*** Opening of The data ***

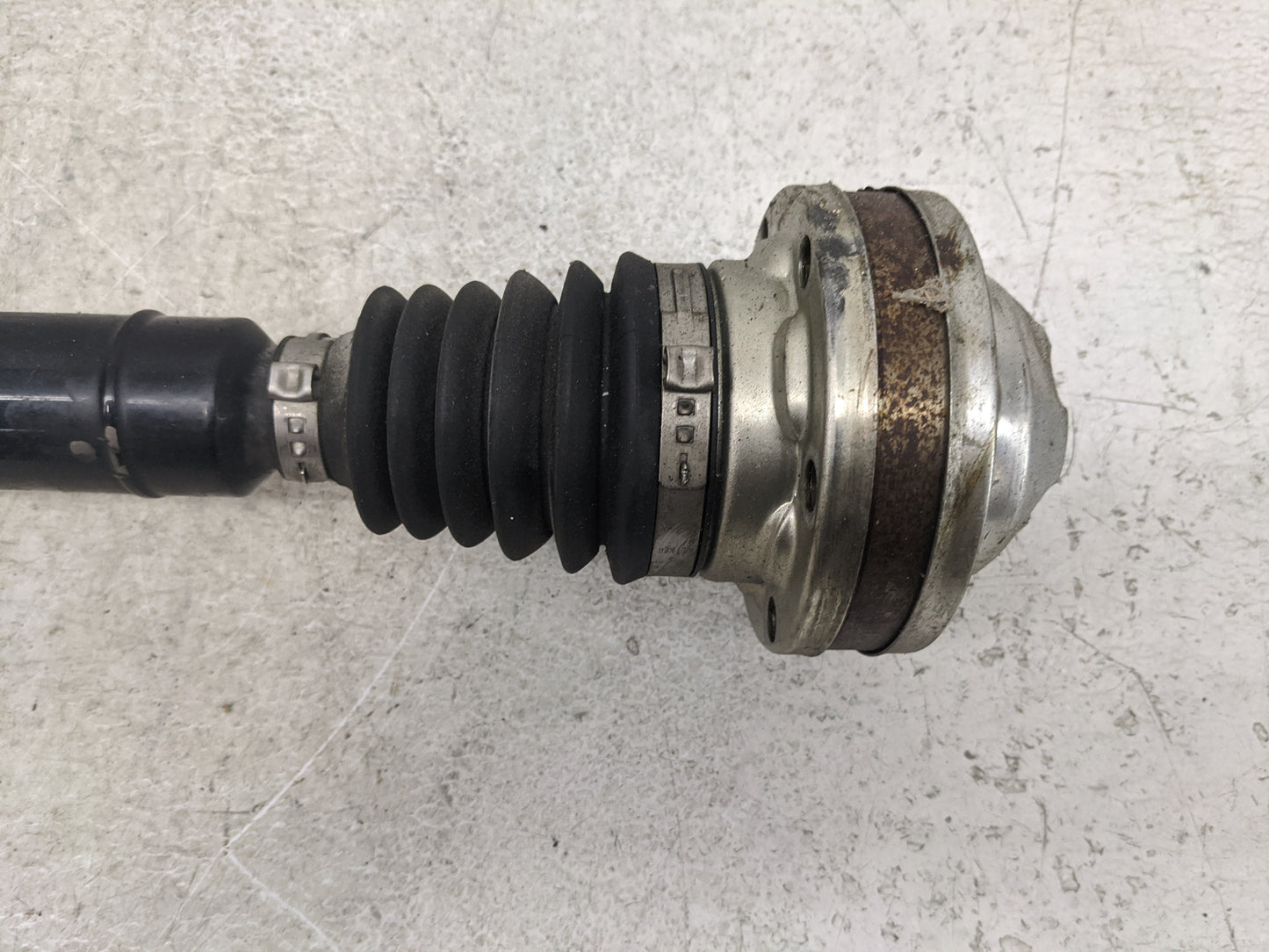 2017-2018 Audi A3 Axle Shaft Front Passenger Cv C/v - Oemusedautoparts1.com
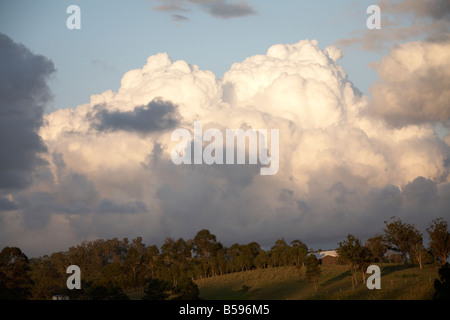 Cumulus Wolken Berge Sonnenlicht Queensland Australien Stockfoto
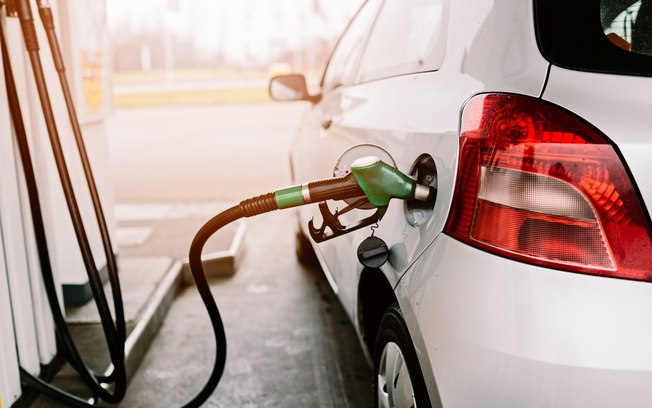Imagem da notícia " Petrobras reduz preço da gasolina para refinarias pelo terceiro dia seguido"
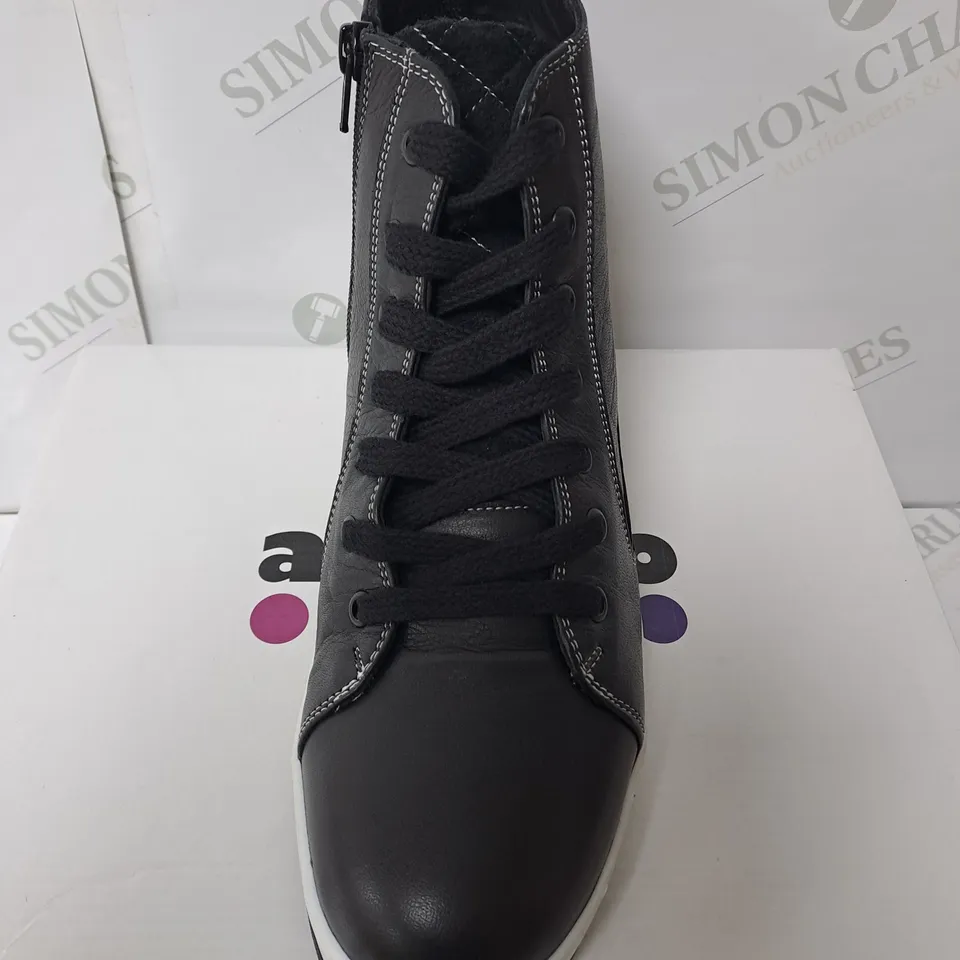 BOXED ADESSO BLACK ZIPPED BOOTS SIZE 7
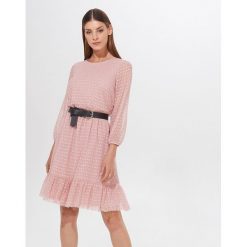 Sukienka z tkaniny plumeti - Różowy. Różowe sukienki damskie Mohito, s, bez wzorów, z tkaniny, bez kołnierzyka, bez rękawów. W wyprzedaży za 79,99 zł.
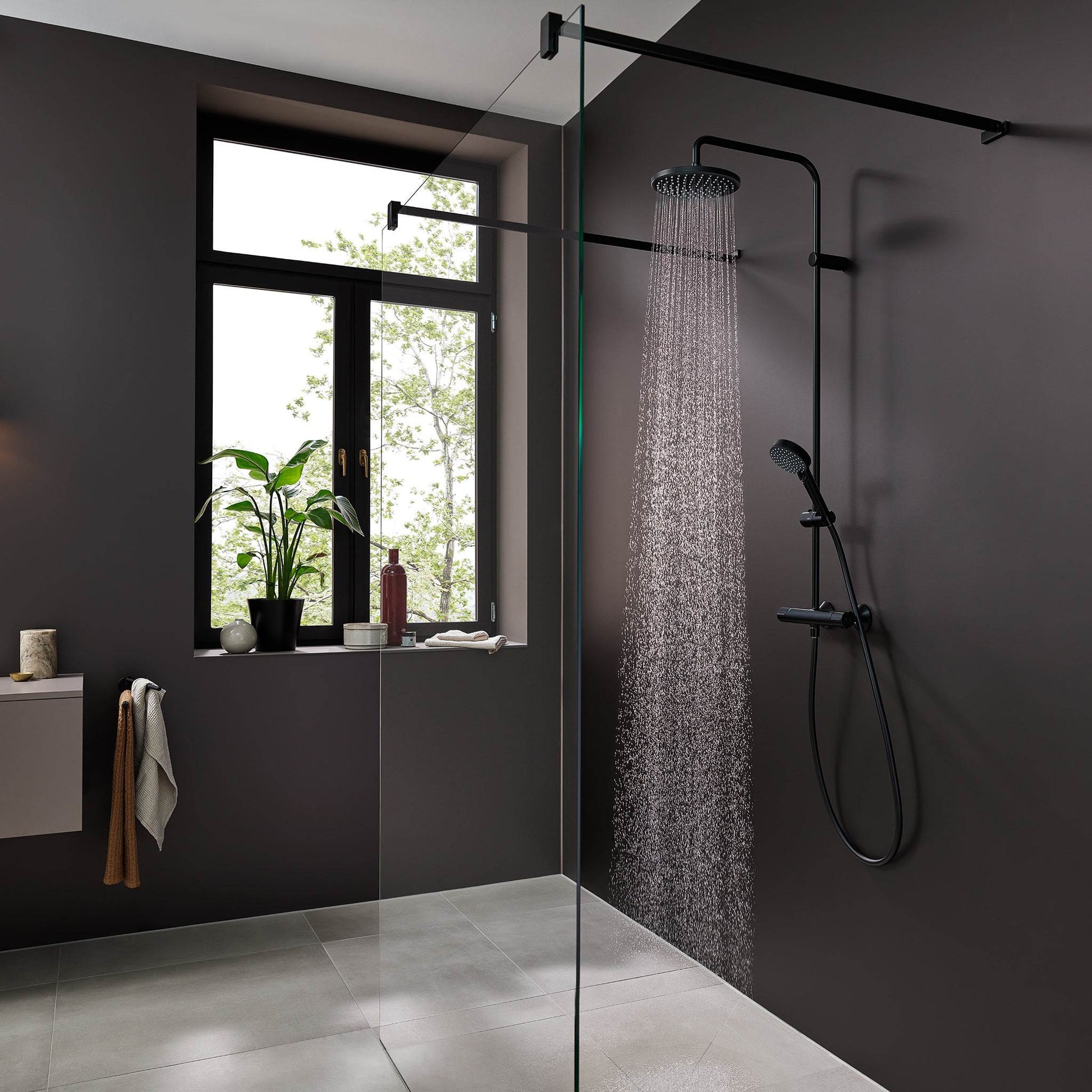 BATERIA WANNOWO-PRYSZNICOWA  VERNIS BLEND CZARNY OD HANSGROHE 26276670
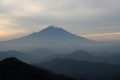 墨絵のような富士山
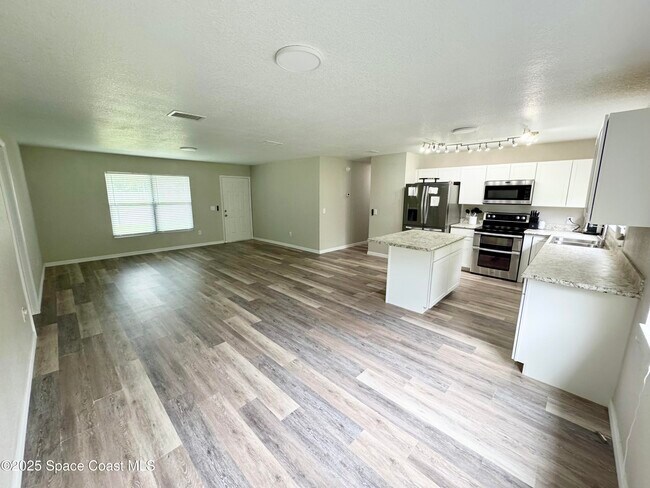 Building Photo - 1259 Cambo Ct NE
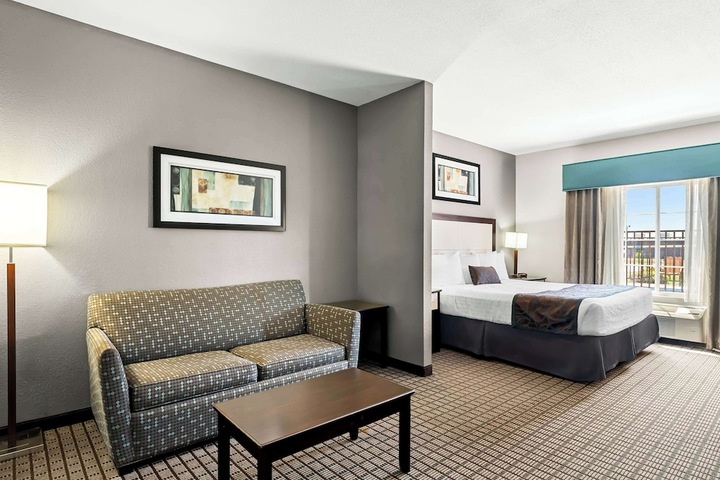 Best Western Plus Magee Inn & Suites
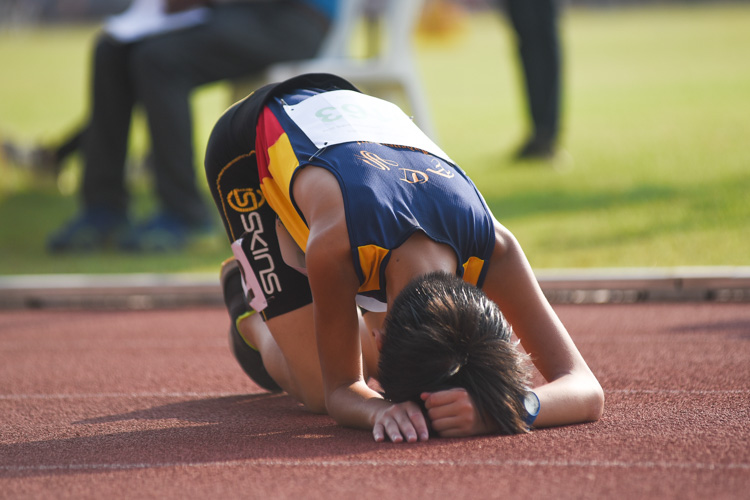 Ryan Wong (#163) of ACS(I) takes a breather after finishing in fifth place. (Photo 7 © Iman Hashim/Red Sports)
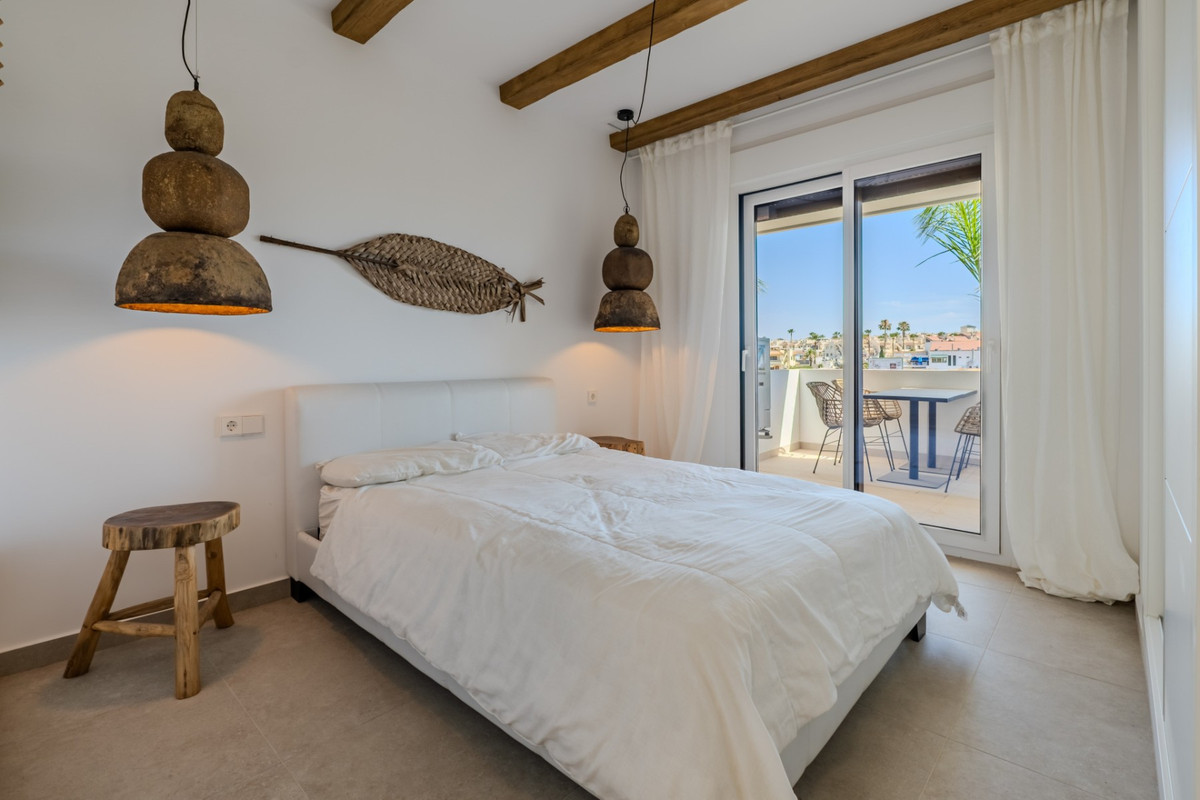 2 Bed Apartment for sale in Playa Flamenca Costa Blanca, Alicante, Spain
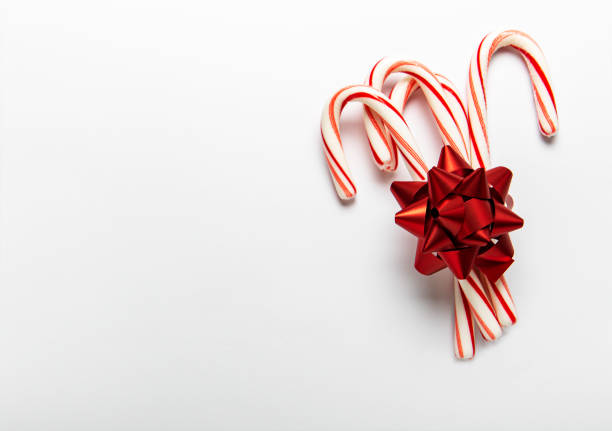 canna da zucchero natalizia - peppermint candy stick striped foto e immagini stock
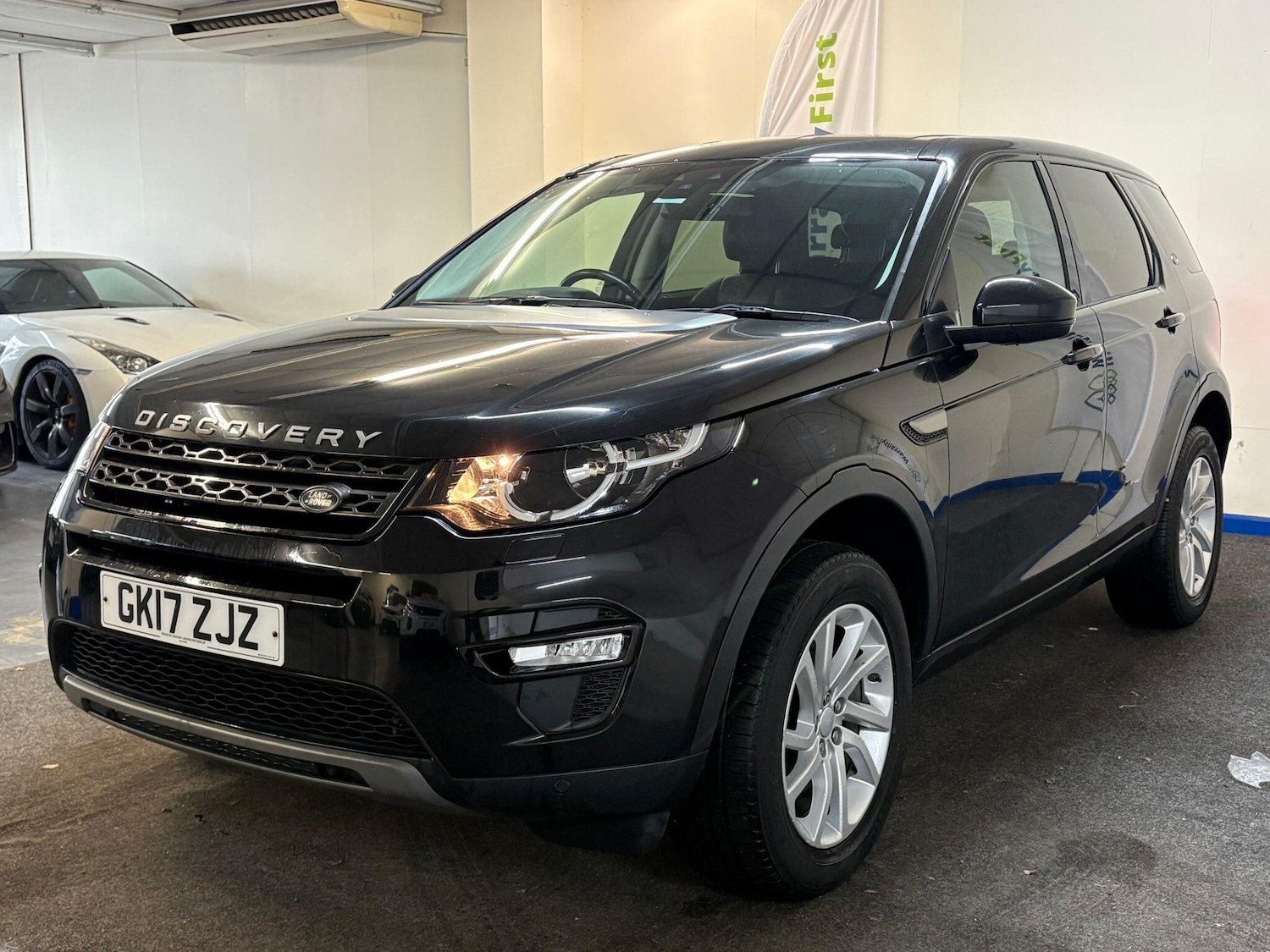 Used Land Rover Discovery Sport for sale - 77238342: Photo 2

*** Close of The data ***

* **Exercise**
None of the pictures belong in the copy; transcribe the rest of the data exactly.

* **Solution to this task**
 2017-2018 Audi A3 Axle Shaft Front Passenger Cv C/v - Oemusedautoparts1.com
 Cumulus Wolken Berge Sonnenlicht Queensland Australien Stockfoto
Imagem da notícia " Petrobras reduz preço da gasolina para refinarias pelo terceiro dia seguido"
 BOXED ADESSO BLACK ZIPPED BOOTS SIZE 7
 Sukienka z tkaniny plumeti - Różowy. Różowe sukienki damskie Mohito, s, bez wzorów, z tkaniny, bez kołnierzyka, bez rękawów. W wyprzedaży za 79,99 zł.
 BATERIA WANNOWO-PRYSZNICOWA  VERNIS BLEND CZARNY OD HANSGROHE 26276670
 墨絵のような富士山
 Building Photo - 1259 Cambo Ct NE
 Best Western Plus Magee Inn & Suites
 Ryan Wong (#163) of ACS(I) takes a breather after finishing in fifth place. (Photo 7 © Iman Hashim/Red Sports)
 2 Bed Apartment for sale in Playa Flamenca Costa Blanca, Alicante, Spain
 canna da zucchero natalizia - peppermint candy stick striped foto e immagini stock
 Used Land Rover Discovery Sport for sale - 77238342: Photo 2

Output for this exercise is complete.